I woke up today with the breeze blowing through the window above my bed. The cool, urban air soothes me these days. I can smell damp foliage from the trees that line our street. I can hear the few morning birds chirp among the city’s industrious pigeon calls. Their tiny chirping reminds me of my much-greener hometown, where thousands of songbirds egg on each morning from the hundreds of trees bowing majestically over our neighborhood.
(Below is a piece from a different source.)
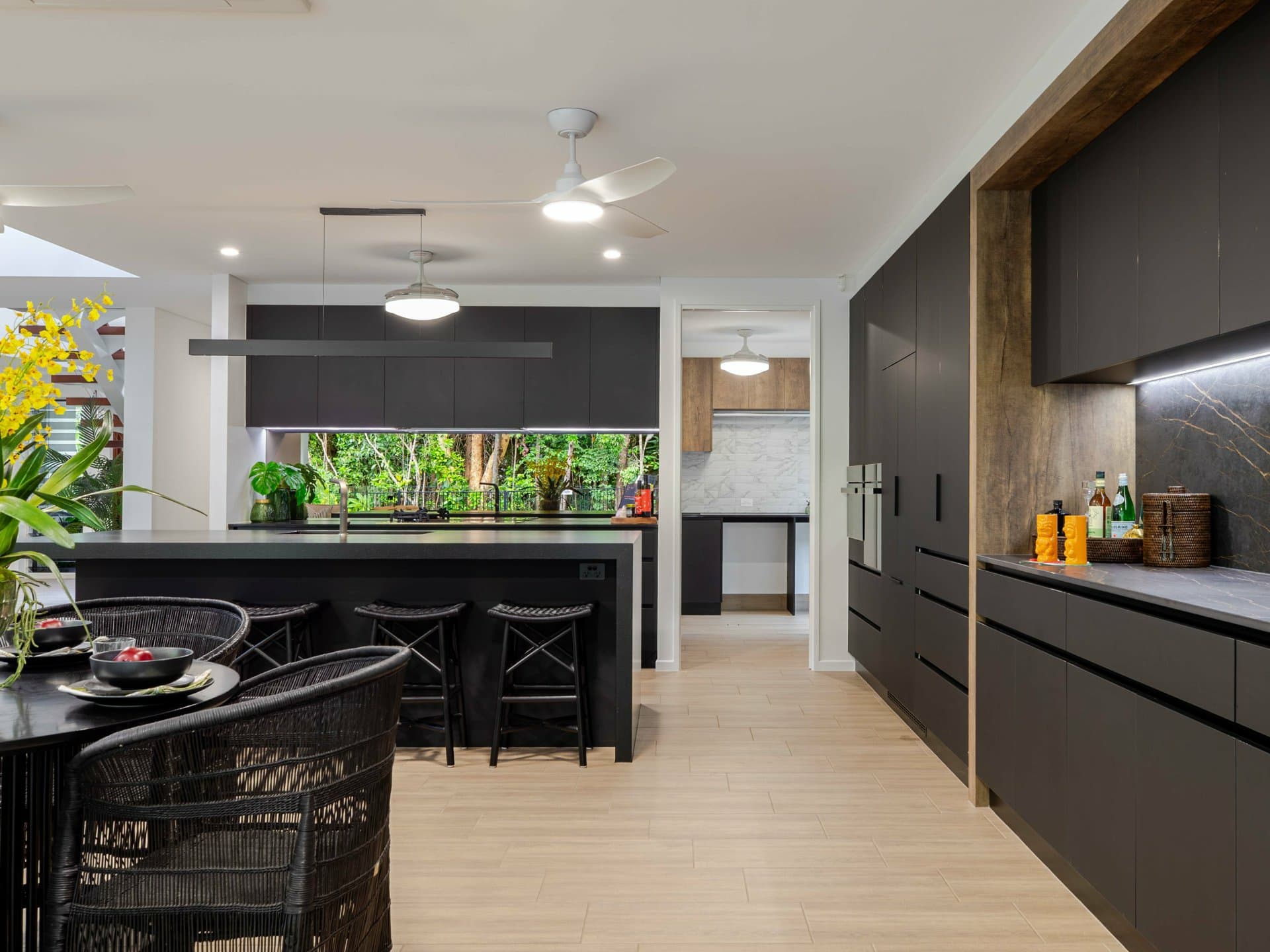 295 Coral Coast Drive, Palm Cove, Palm Cove - Thumbnail 6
I had about thirty minutes to lie there and ponder, so I picked Ralph Waldo Emerson’s Nature from my bedside table:
“…nature satisfies by its loveliness and without any mixture of corporeal benefits. I see the spectacle of morning from the hilltop over against my house, from daybreak to sunrise, with emotions which an angel might share. The long slender bars of cloud float like fishes in the sea of crimson light. From the earth, as a shore, I look out into that silent sea. I seem to partake its rapid transformations; the active enchantment reaches my dust, and I dilate and conspire with the morning wind. How does nature deify us with a few and cheap elements! Give me health and a day, and I will make the pomp of emperors ridiculous. The dawn is my Assyria; the sunset and moon-rise my Paphos, and unimaginable realms of faerie; broad noon shall be my England of the senses and understanding; the night shall be my Germany of mystic philosophy and dreams.”
Our cities may feed our minds, but it is nature that purifies our souls. Nature grounds us.
I’m planning a day-long forest walk with one of my friends in late April. Our intention is to not talk about our lives, but just observe and play in the nature around us. We both believe that nature heals. We both believe that urban over-submersion creates depression and despondency.